We should be suspicious of the growth of private financing in childcare
Is allowing childcare to be at the mercy of market dynamics morally and ethically the right thing? In this blog Antonia Simon, Associate Professor at the Social Research Institute of UCL, calls for common-sense controls on private-for-profit providers to prevent the risk of closures and gaps in support.
Childcare is frequently reported to be in crisis, with parents navigating a complicated system, many paying high costs, childcare workers being paid low wages, and providers struggling to cover their costs. Many childcare providers are reportedly passing on cost increases to parents and/or cutting back on services such as swapping certain foods for items of lower nutritional value, providing fewer fresh fruit and vegetables, or not providing hot food to children. These rising costs are in part driven by inflationary pressures, but the practice of some for-profit providers reveals an important additional driver which requires political and policy attention.

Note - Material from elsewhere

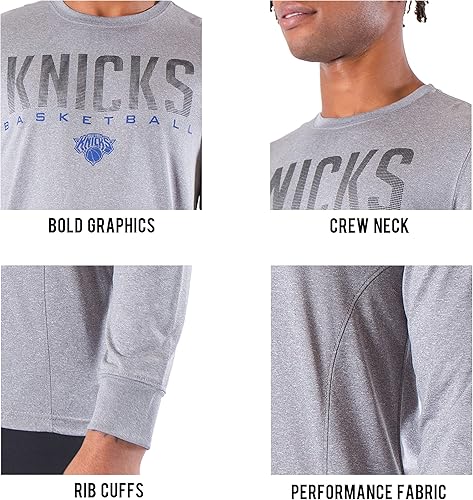 Miniatura 8 de Ultra Game Camiseta de manga larga súper suave para hombre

Childcare in England comprises four main provision types: state, private-for-profit, not-for-profit and informal providers. Recently, the balance of these has shifted so that a new pattern of acquisitions and mergers of many single or small groups has occurred, resulting in large chains or ‘super providers’, and ‘financialisation’ now heavily characterises the sector. Estimates of size differ but the latest Department for Education providers survey suggests 70% of group-based providers are now private, and evidence shows that there has been a reduction in smaller, independent settings, which are being replaced by larger providers or chains. This pattern in England is markedly different to many countries in the rest of Europe and raises concerns about the availability of childcare places to meet current and anticipated future demand.

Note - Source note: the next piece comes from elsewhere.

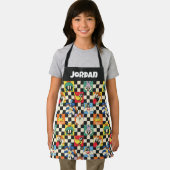 LOONEY TUNES™キャラクターオンブラック&ホワイト エプロン (インサイチュ)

Is financialisation putting provision at risk of collapse in England? Is allowing childcare to be at the mercy of market dynamics morally and ethically the right thing, or should childcare be provided another way?

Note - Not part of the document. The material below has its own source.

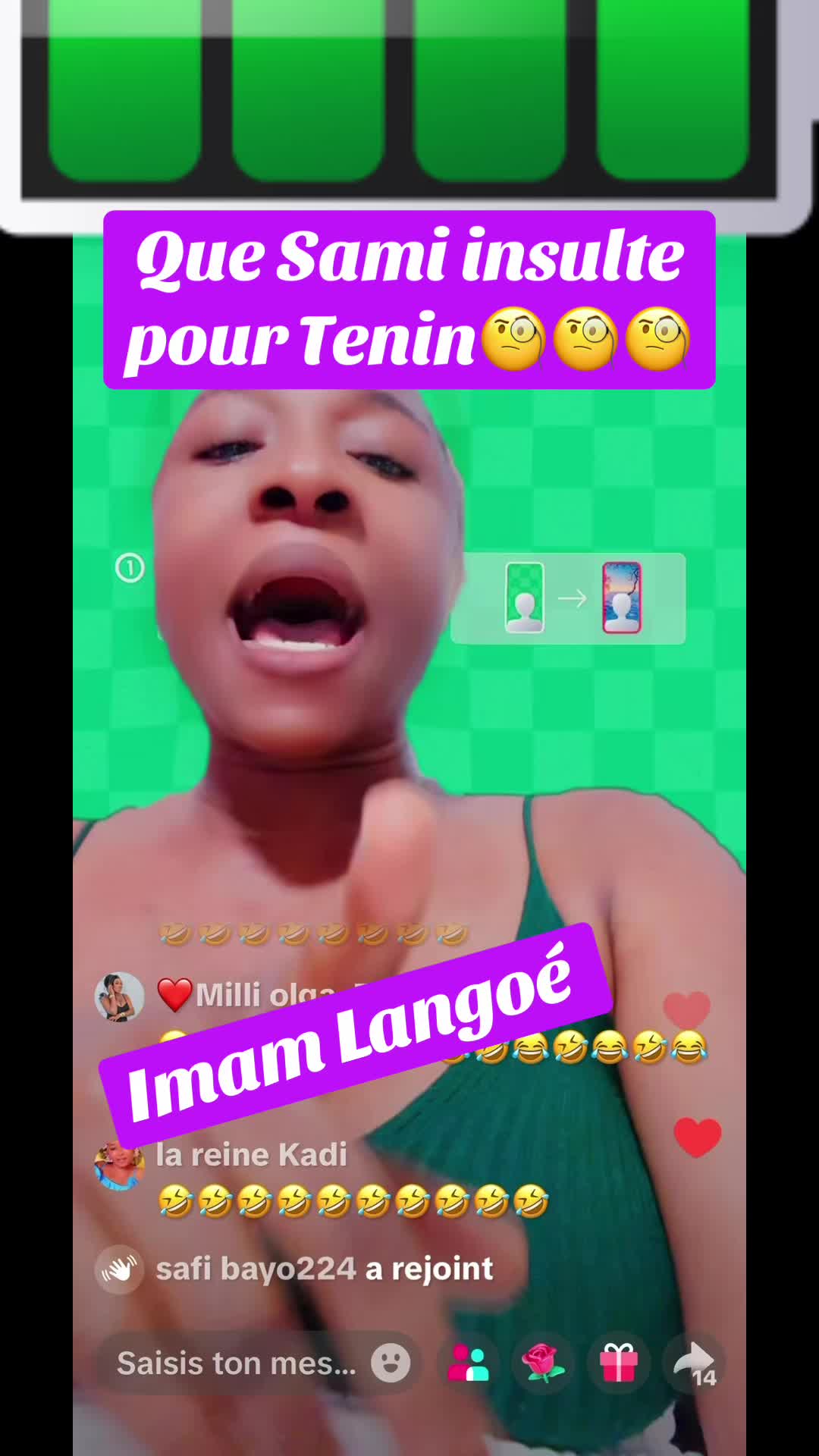 @IMAM LANGO&Eacute;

What is financialisation and what are the risks to the childcare sector?
Financialisation prioritises profit-making, which seeks ‘growth through loss-making’ (expanding business premises and/or operations through borrowing money or leveraging finance, which expects profits to be greater than the interest payable) and to minimise the amount of tax paid. Profit-making may not in itself be considered a bad thing, provided that quality is not compromised. Indeed, for-profit companies can offer advantages such as competition to meet consumer demand whilst keeping costs down.
However, childcare provision is not like other businesses. Childcare is the provision of care and education for young children, the benefits of which are known to provide long-term outcomes for children and society, especially for vulnerable children. So, one might question if ethically childcare run by profit-making companies can deliver equal and fair outcomes for all children without robust safeguards, including those which ensure services include provision for vulnerable children, and are located equally in deprived and non-deprived areas.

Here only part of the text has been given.